Al leer el evangelio de este penúltimo domingo del año (Lc 21, 5-19), nos quedamos con dos sensaciones.

Por un lado, un cierto temor y desconcierto frente al panorama que Jesús nos presenta: Llegarán días en que el templo será destruido, muchos usurparán el nombre de Dios, habrá guerras y revoluciones, terremotos, epidemias y hambre y señales prodigiosas y terribles en el cielo; y para sus seguidores vendrá el ser perseguidos, apresados y llevados a los tribunales y la cárcel… por eso, por ser sus seguidores. Señala además que los que creemos en Él seremos traicionados por nuestros padres, hermanos, parientes y amigos, algunos moriremos y todos seremos odiados por su causa.

Parece un panorama desolador… parece una gran contradicción que todo eso lo diga precisamente Él, que vino a anunciar el reino de paz, justicia y amor. ¿Es que acaso Jesús asume una derrota frente al mal?, ¿es acaso que a nuestros ojos humanos sus caminos serán siempre misteriosos?, ¿será quizás que Él contempla y vive todo acontecimiento desde esa perspectiva y horizonte al que se avanza sólo desde una fe cada vez más confiada en su amor y entregada a su voluntad, esa fe y entrega que brota del salto de la fe?

Pero por otro, en el pasaje hay dos promesas de Jesús que nos llenan de alivio y la esperanza:

Primero, nos dice que no tenemos que preparar de antemano nuestra defensa, porque Él nos dará palabras sabias, a las que no podrá resistir ni contradecir ningún adversario. Dios está con nosotros y es Él quien nos enseña a escudriñar y dar razón de su presencia fiel “con palabras sabias”.

-Y nos dice, además, que si nos mantenemos firmes conseguiremos la vida. Pero, ¿qué significa mantenernos firmes?, ¿custodiar nuestras formas?, ¿proteger los caminos ya hechos, conocidos y cómodos de creyentes acomodados?, ¿será que nos pide intransigencia, cerrazón o fundamentalismo?, ¿cuál es esa firmeza que nos lleva a la vida?

Que la Palabra de este domingo nos ayude a hacernos estas y otras preguntas… Que ni el miedo ni la comodidad, nos hagan endulzar lo que no es dulce, ensombrecer lo que es luminoso, disfrazar la verdad con trajes ególatras, ni mucho menos “domesticar” a Dios y su Reino.
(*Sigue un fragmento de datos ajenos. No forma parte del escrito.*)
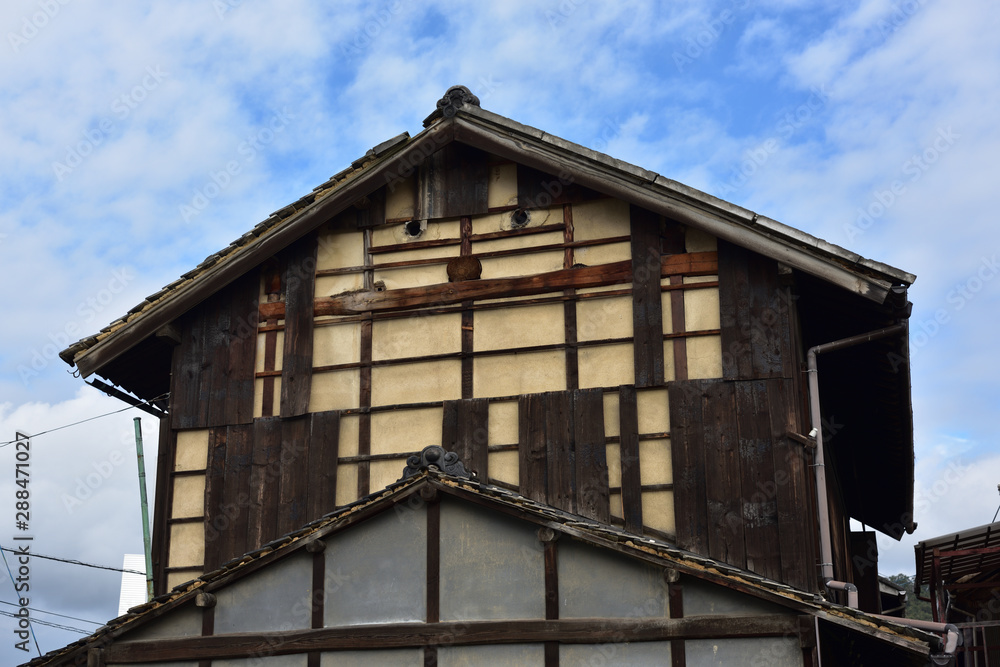 日本の岡山県笠岡市で見つけた古くて美しい建物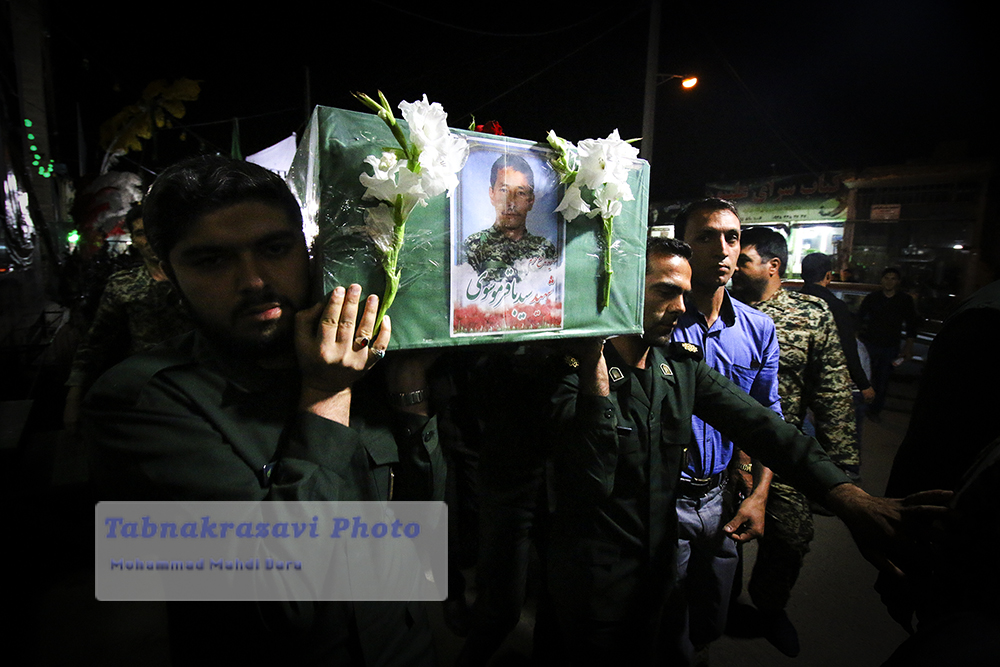 گزارش تصویری مراسم وداع با پیکر شهید مدافع حرم در شب شهادت امام موسی جعفر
Ser seguidores de Jesucristo es un don maravilloso, un camino que nos abre a su Misterio, a la realidad de cada persona y a la realidad con que me encuentro; pero también es desprendimiento, riesgo, sacrificio, descentramiento. Seguir a Jesús, es dejarlo ser y hacer en nosotros, no temer ni desconcertarnos ni rebelarnos cuando lo construido por nuestras manos orgullosas, y tantas veces soberbias, comience a ser destruido… cuando vayan cayendo nuestros templos, nuestras construcciones de un dios y un reino hechos a nuestra medida…

Dios nos ha, no sólo llamado, sino preparado y equipado para hacer el bien, para ser luz, para amar y servirle a Él y a los demás, para vivir su imagen y semejanza; y con eso que se nos ha dado vamos construyendo nuestra vida, la vida de nuestra familia y de la sociedad, con eso que hemos recibido, construimos nuestras relaciones.

No da lo mismo lo que somos o no somos, lo que hacemos o no hacemos; la bondad o negatividad de nuestras acciones y omisiones tienen consecuencias como lo expresa la primera lectura de hoy (Mal 3, 19-20). Podemos pretender o desear vivir como si lo que somos o hacemos no influye en nada o en nadie, sin embargo, lo cierto es que sí influye; de esto estamos ciertos, aun a niveles simplemente humanos, y varios dichos populares nos lo recuerdan: No le pidamos peras al olmo, uno cosecha lo que siembra, quien siembra vientos, cosecha tempestades y así algunos otros.

Vivamos estos tiempos de búsqueda e interrogantes con un corazón alegre y agradecido, no nos aferremos a nuestros templos, dejemos que Dios sea en nosotros.